By Edmond Y. Azadian
Criminalizing the Genocide in France has touched off a political debate with international repercussions. The passage of the bill on December 22 in the French National Assembly has angered Turkish leaders, who are threatening France with a number of measures and decrying the “irreparable damage” to Franco-Turkish relations, should the bill be ratified by the French Senate before end of January, as predicted.
In the past, Ankara used to recall its ambassador for a period and gradually forget its threats of retaliation. This time around, it does not seem to be business as usual. Indeed the Turkish Ambassador to France Tahsin Burcuoglu has returned to Paris after consultations in Ankara and he has been assigned to lead the political campaign against the passage of the bill in the French Senate.
Instead of keeping the ambassador out of France, Turkey has threatened to discontinue discussions with Paris on the developments in Syria.
As has become common knowledge by now, Washington has begun using surrogates in the Middle East to topple regimes hostile to Israel, as was the case in Libya, rather than sacrificing 4,500 of its own military, as it happened in Iraq.

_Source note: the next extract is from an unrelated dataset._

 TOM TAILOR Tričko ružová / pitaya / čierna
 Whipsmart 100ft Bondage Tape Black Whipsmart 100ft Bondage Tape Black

Syria is the next target in line, which compels cooperation between Paris and Ankara. Turkey is also threatening to revise its military and economic relations with France. France is Turkey’s fifth largest export market and sixth largest importer with bilateral trade worth $14 billion in 2011 and growing. France is also a contender to build a nuclear power plant in Turkey, which also has become a political hot potato in the current atmosphere of tension.